The authors recommend that all patients with chronic and/or intermittent postprandial, upper abdominal pain, a treatment with PPI and mucosal protective drugs should be instigated. If this does not give pain relief, the presence of cholecystolithiasis should be excluded by ultrasound and if there are no gallstones detected or if the patient does not have a gall bladder anymore, they advise a CT scan in order to rule out IH. If there is no swirl sign, they state that gastroscopy should be performed to exclude the presence of a marginal ulcer. If this is negative and symptoms persist, they advise diagnostic laparoscopy to close the mesenteric defects. The recommended treatment algorithm for chronic and/or intermittent complaints can be found in Figure 1.

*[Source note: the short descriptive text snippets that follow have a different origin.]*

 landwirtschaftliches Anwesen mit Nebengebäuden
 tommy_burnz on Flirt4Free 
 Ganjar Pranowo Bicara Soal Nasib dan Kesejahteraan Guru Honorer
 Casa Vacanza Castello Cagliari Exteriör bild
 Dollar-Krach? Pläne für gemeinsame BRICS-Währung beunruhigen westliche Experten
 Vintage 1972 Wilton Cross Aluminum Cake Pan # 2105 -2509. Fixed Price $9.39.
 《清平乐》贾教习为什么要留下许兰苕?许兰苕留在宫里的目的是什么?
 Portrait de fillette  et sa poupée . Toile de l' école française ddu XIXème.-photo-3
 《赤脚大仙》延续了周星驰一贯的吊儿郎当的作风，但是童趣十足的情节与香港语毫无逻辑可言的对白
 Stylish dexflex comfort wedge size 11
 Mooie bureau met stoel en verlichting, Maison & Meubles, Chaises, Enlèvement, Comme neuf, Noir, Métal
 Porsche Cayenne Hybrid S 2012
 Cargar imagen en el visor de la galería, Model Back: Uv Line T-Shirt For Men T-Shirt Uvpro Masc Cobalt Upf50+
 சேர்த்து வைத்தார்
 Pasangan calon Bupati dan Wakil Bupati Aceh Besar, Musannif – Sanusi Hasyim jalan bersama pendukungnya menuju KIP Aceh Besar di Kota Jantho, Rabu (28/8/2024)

Figure 1: Treatment algorithm for patients with chronic and/or intermittent postprandial upper abdominal pain. (1) Treatment with PPI (proton-pump inhibitor) and MPD (mucosal protective drugs) for gastric irritation, gastritis, or marginal ulcer. (2) If a marginal ulcer is not found during gastroscopy and a CT scan has not been performed yet, a CT scan prior to diagnostic laparoscopy is recommended to exclude other abdominal pathologies.

“Closure of mesenteric defects with sutures or with staples during initial LRYGB appears to result in lower incidence of IH as compared to no closure. In the present study, there is no significant difference in the odds of symptom relief after closure of mesenteric defects with sutures as compared to staples,” the authors write. “A limitation of this study is the small number of patients in whom staples were used to close the mesenteric defects. Further research to the difference in the use of staples versus non-absorbable sutures is recommended.”